Puis Roger Koskas qui a évoqué à plusieurs reprises les « habits » Gaulliens dans lesquels avait vainement tenté de se draper Carolis, a ensuite évoqué non pas la « doctrine judiciaire » mais le fonctionnement à la façon d’une « secte » où quelques-uns se retrouvent essayant sans succès de semer le doute  qui n'a évidemment pas sa place.

Maître Roger Koskas a cité à cet effet, un des derniers rapports annuels de la Cour de Cassation s’exprimant clairement sur l’ordonnance de juin 2005 et les risques encourus en cas de manquements. Il n’était évidemment pas possible pour quiconque d’y déroger et d’en ignorer les écueils.

Carolis qui voyait partir Millot le vendredi ne s’étonnait pas le lundi de le voir revenir ! « Millot pour remplacer Millot » lançait la présidente du tribunal Bénédicte de Perthuis et ce alors que « vous aviez demandé de ne pas remplacer les partants! Vous ne vous êtes même pas interrogé sur le coût de ce retour via la société Bygmalion ! » 

La présidente qui avait relevé à de nombreuses reprises l’incongruité de la situation mais surtout la disparition du contrat  « ce contrat signé le 31 octobre 2008 » - date à laquelle, Bastien Millot avait encore une double casquette: directeur de la communication du groupe en congés sabbatique et codirigeant de Bygmalion, bénéficiaire des contrats - introuvable comme la note de présentation de Damien Ciuer à Carolis dont Camille Pascal a eu connaissance mais qui elle aussi a disparu.   

En somme, avait d’ailleurs assez bien résumé la présidente  « Un contrat qu’en tant que directeur de la communication, vous auriez pu signer avec vous-même », indiquant de surcroit que le montant des deux premiers mois de facturation représentait tout de même la somme rondelette de 120.000€ nonobstant les presque 30.000€ supplémentaires pour une réflexion sur la mise en place de « prestations » que finalement personne ne se souvient avoir commandé mais dont Millot affirme que tout le monde en était content !!!! 

Et vive le service public et les deniers du contribuable.

Carolis qui se rappelle à peine avoir eu « une, deux, trois conversations » avec son ex « stratège/communicant » pendant sa campagne pour la présidence de France Télévisions, mais refuse d'en faire « l'artisan » de sa désignation en 2005, ose même indiquer que cela devait générer des économies ! 

Ben voyons.

Rappelons comme le fait « Le Point » qu’ « à cette époque-là, Bastien Millot est au cabinet du ministre du Budget Jean-François Copé, auquel il doit toute sa carrière. Or Bercy est un ministère très stratégique pour France Télévisions.
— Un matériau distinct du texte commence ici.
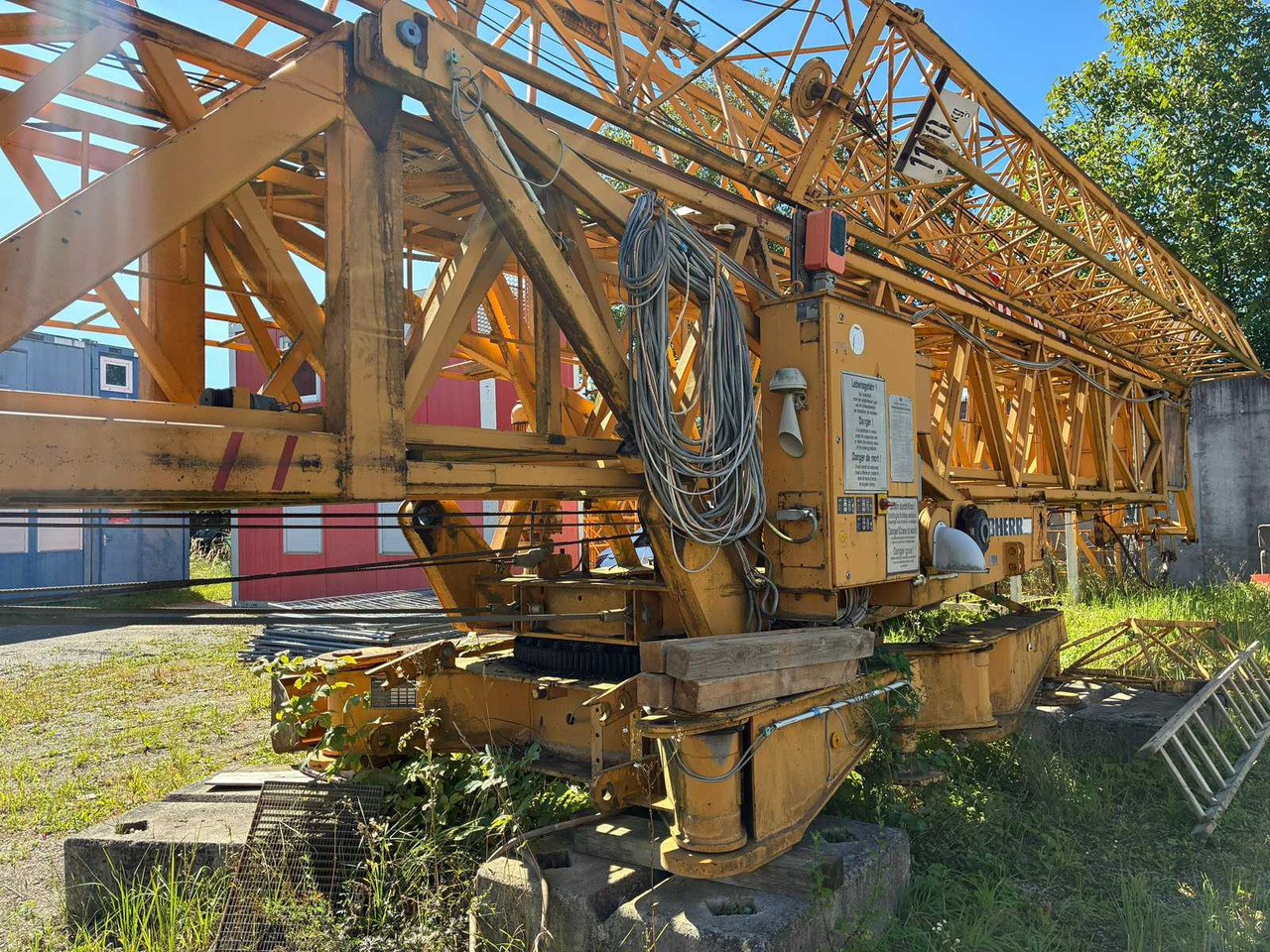 Liebherr 63 K - Πυργογερανός: φωτογραφία 3 Liebherr 63 K - Πυργογερανός: φωτογραφία 3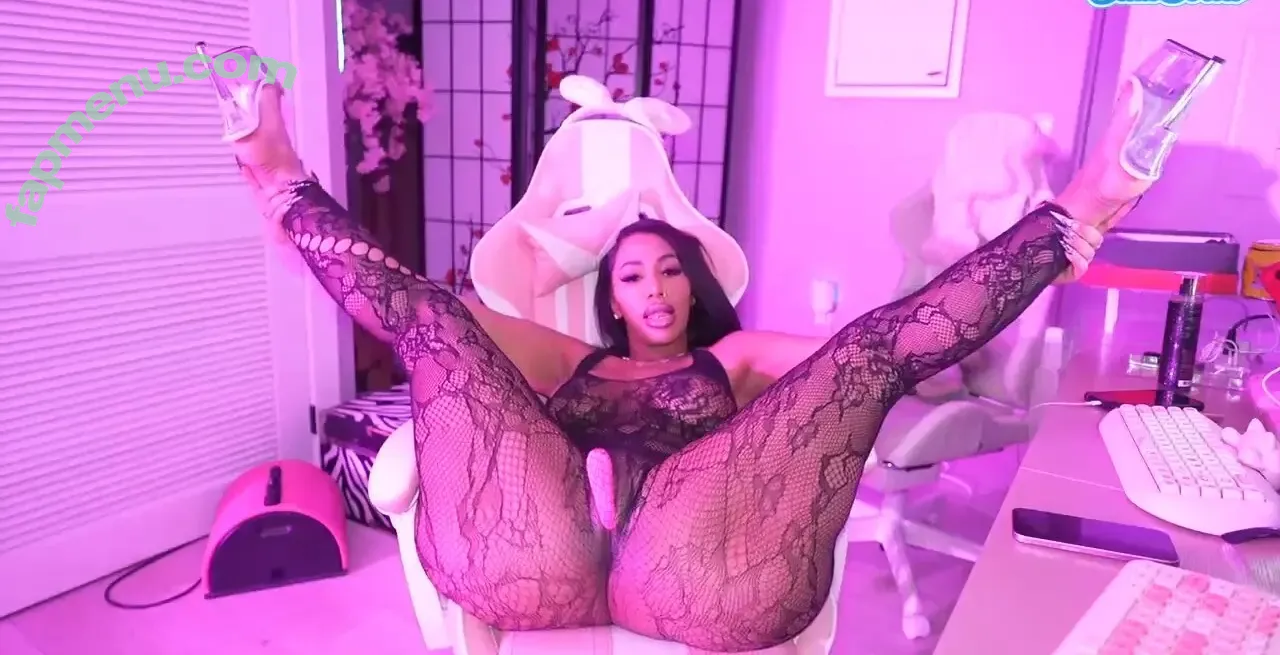 Katt Leya nude photo #0049 (_katt__leya / katt_leya / vivalabadchick)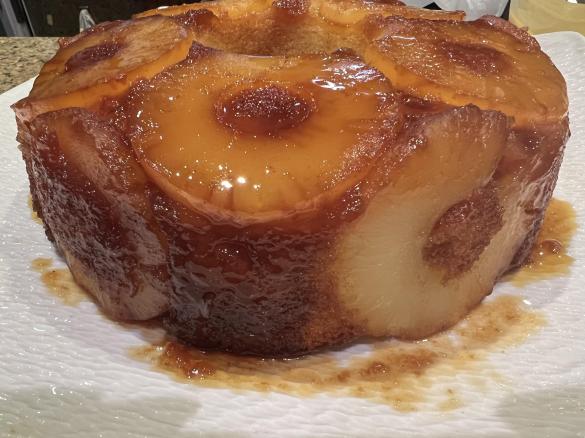 Bolo de ananás caramelizado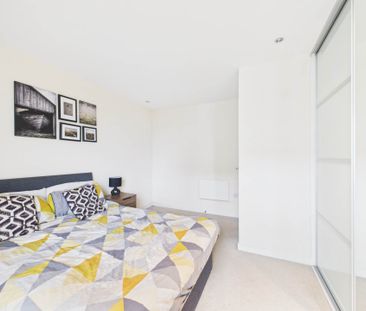 Price £1,095 pcm - Available Now - Unfurnished - Photo 3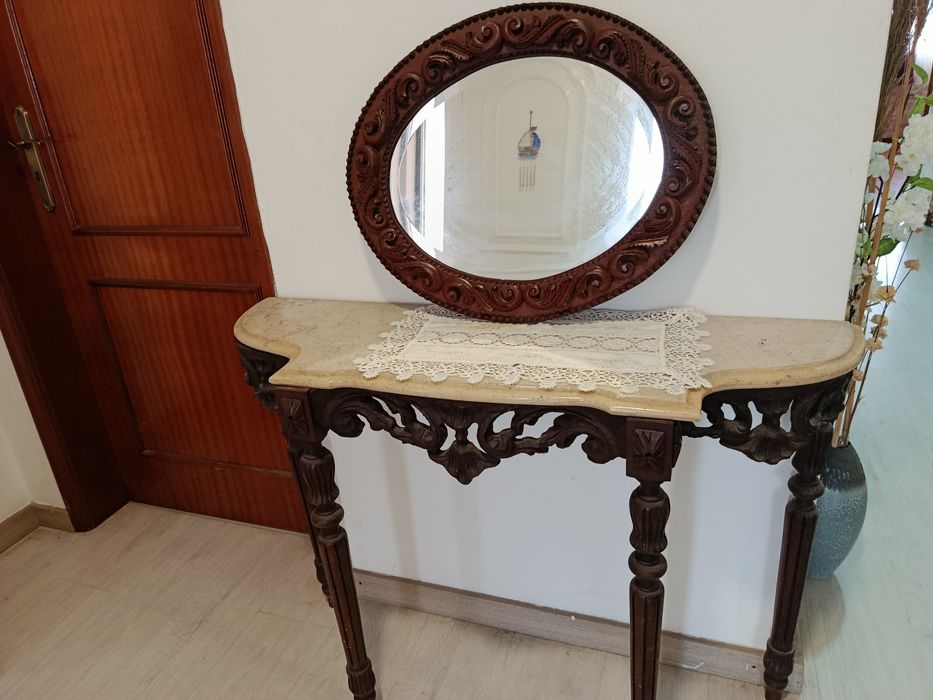 Móvel de entrada / consola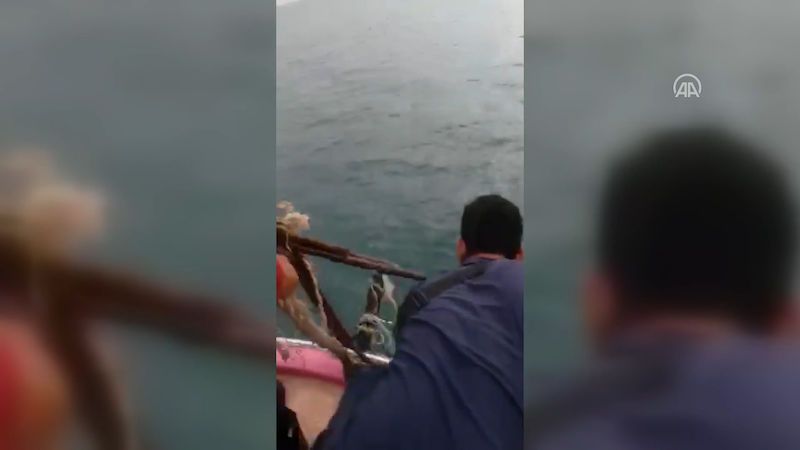 Indonéský boeing se zřejmě zřítil do moře, rybáři už na místě objevili první trosky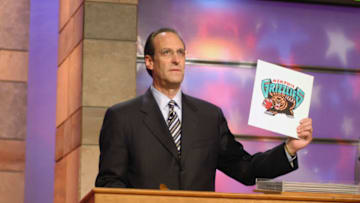 SECAUCUS, NJ - MAY 22: Deputy commissioner of the NBA Russ Granik holds a card with the Memphis Grizzlies logo, meaning that the Grizzlies have the right to choose their draft pick, during the 2003 NBA Draft Lottery on May 22, 2003 in Secaucus, New Jersey. NOTE TO USER: User expressly acknowledges and agrees that, by downloading and/or using this Photograph, User is consenting to the terms and conditions of the Getty Images License Agreement. Mandatory Copyright Notice: Copyright 2003 NBAE (Photo by Jennifer Pottheiser/NBAE via Getty Images)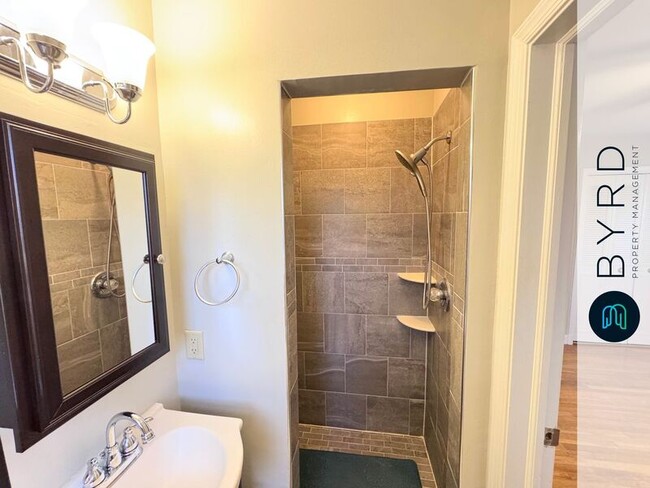 Building Photo - 5000 Jessup Rd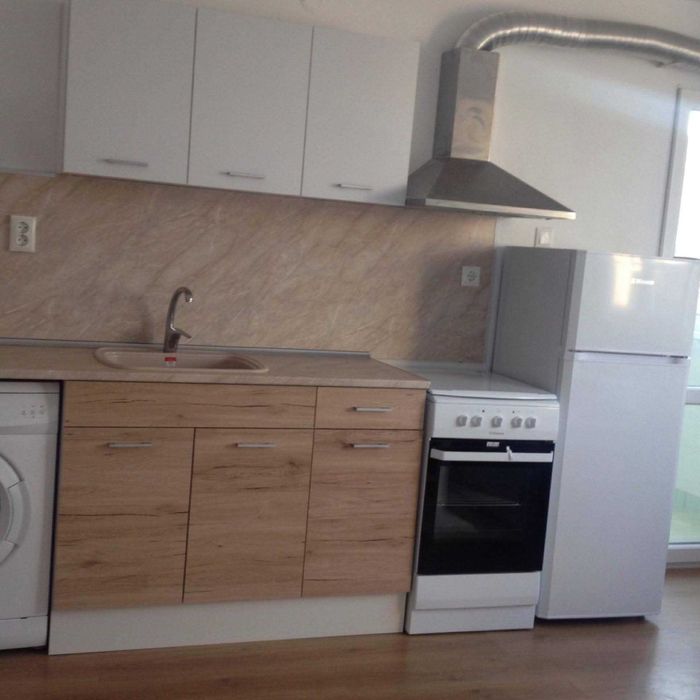 Дава се под наем Едностаен апартамент в Ямбол, Златен рог - 42 кв.м за 255 € - Снимка #3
Devenu chef de file des députés UMP, Jean-François Copé sera par ailleurs chargé en 2008 d'une mission sur la télévision publique… » et intercèdera, chacun s’en souvient pour une suppression de la pub uniquement en soirée.

« Quand il y a trop de hasards, il n'y a plus de coïncidence », a lancé à l’auditoire presque en guise de conclusion, Maitre Roger Koskas qui n’a pas caché X fois le « manque de crédibilité qui ressortait de tout cela»

Demain, jeudi 24 novembre dernier jour ce procès pour favoritisme et recel de favoritisme.  

Maitre Maria Cornaz et Maître Pierre-Olivier Lambert interviendront pour le SNPCA-CGC au titre des parties civiles puis France Télé juste avant le réquisitoire de Monsieur le Procureur et les avocats des prévenus…puis le jugement sera mis en délibéré.